Task to complete:
Would you reproduce the listing exactly, leaving nothing out?

Dataset content:
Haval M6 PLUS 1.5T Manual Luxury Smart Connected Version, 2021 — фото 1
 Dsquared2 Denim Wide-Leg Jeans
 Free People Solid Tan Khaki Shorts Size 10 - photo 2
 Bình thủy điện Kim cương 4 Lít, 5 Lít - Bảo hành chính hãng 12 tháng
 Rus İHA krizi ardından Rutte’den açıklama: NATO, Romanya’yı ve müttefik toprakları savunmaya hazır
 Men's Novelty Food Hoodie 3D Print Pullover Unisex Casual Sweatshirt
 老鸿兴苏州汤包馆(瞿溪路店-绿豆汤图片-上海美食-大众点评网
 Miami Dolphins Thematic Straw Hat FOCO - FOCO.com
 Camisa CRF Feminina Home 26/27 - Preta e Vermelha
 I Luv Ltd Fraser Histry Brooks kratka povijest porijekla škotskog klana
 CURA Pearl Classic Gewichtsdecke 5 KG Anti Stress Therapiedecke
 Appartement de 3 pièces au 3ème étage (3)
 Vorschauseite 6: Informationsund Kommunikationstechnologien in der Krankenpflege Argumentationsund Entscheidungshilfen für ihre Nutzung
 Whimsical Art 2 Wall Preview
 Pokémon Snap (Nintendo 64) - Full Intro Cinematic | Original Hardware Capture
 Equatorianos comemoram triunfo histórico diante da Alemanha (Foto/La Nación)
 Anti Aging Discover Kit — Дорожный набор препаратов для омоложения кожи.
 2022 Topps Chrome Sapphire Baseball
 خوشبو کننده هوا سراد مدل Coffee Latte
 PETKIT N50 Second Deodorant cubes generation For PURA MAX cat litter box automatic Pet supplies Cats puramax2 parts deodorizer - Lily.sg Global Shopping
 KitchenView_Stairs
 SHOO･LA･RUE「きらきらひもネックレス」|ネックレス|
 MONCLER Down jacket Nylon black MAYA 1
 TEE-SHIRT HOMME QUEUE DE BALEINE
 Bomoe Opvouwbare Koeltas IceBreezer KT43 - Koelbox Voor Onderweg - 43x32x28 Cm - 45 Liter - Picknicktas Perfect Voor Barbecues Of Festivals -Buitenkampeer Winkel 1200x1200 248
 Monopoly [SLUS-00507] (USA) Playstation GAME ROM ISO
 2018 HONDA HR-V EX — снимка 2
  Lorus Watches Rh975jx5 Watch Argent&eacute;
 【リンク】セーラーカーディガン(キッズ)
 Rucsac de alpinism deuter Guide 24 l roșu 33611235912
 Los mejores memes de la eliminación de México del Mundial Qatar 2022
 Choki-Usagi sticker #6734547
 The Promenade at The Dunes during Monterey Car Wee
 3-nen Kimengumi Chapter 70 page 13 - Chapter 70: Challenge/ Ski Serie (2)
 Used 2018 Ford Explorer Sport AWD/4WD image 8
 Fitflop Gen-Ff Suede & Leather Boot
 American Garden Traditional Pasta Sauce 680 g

Output:
Haval M6 PLUS 1.5T Manual Luxury Smart Connected Version, 2021 — фото 1
 Dsquared2 Denim Wide-Leg Jeans
 Free People Solid Tan Khaki Shorts Size 10 - photo 2
 Bình thủy điện Kim cương 4 Lít, 5 Lít - Bảo hành chính hãng 12 tháng
 Rus İHA krizi ardından Rutte’den açıklama: NATO, Romanya’yı ve müttefik toprakları savunmaya hazır
 Men's Novelty Food Hoodie 3D Print Pullover Unisex Casual Sweatshirt
 老鸿兴苏州汤包馆(瞿溪路店-绿豆汤图片-上海美食-大众点评网
 Miami Dolphins Thematic Straw Hat FOCO - FOCO.com
 Camisa CRF Feminina Home 26/27 - Preta e Vermelha
 I Luv Ltd Fraser Histry Brooks kratka povijest porijekla škotskog klana
 CURA Pearl Classic Gewichtsdecke 5 KG Anti Stress Therapiedecke
 Appartement de 3 pièces au 3ème étage (3)
 Vorschauseite 6: Informationsund Kommunikationstechnologien in der Krankenpflege Argumentationsund Entscheidungshilfen für ihre Nutzung
 Whimsical Art 2 Wall Preview
 Pokémon Snap (Nintendo 64) - Full Intro Cinematic | Original Hardware Capture
 Equatorianos comemoram triunfo histórico diante da Alemanha (Foto/La Nación)
 Anti Aging Discover Kit — Дорожный набор препаратов для омоложения кожи.
 2022 Topps Chrome Sapphire Baseball
 خوشبو کننده هوا سراد مدل Coffee Latte
 PETKIT N50 Second Deodorant cubes generation For PURA MAX cat litter box automatic Pet supplies Cats puramax2 parts deodorizer - Lily.sg Global Shopping
 KitchenView_Stairs
 SHOO･LA･RUE「きらきらひもネックレス」|ネックレス|
 MONCLER Down jacket Nylon black MAYA 1
 TEE-SHIRT HOMME QUEUE DE BALEINE
 Bomoe Opvouwbare Koeltas IceBreezer KT43 - Koelbox Voor Onderweg - 43x32x28 Cm - 45 Liter - Picknicktas Perfect Voor Barbecues Of Festivals -Buitenkampeer Winkel 1200x1200 248
 Monopoly [SLUS-00507] (USA) Playstation GAME ROM ISO
 2018 HONDA HR-V EX — снимка 2
  Lorus Watches Rh975jx5 Watch Argent&eacute;
 【リンク】セーラーカーディガン(キッズ)
 Rucsac de alpinism deuter Guide 24 l roșu 33611235912
 Los mejores memes de la eliminación de México del Mundial Qatar 2022
 Choki-Usagi sticker #6734547
 The Promenade at The Dunes during Monterey Car Wee
 3-nen Kimengumi Chapter 70 page 13 - Chapter 70: Challenge/ Ski Serie (2)
 Used 2018 Ford Explorer Sport AWD/4WD image 8
 Fitflop Gen-Ff Suede & Leather Boot
 American Garden Traditional Pasta Sauce 680 g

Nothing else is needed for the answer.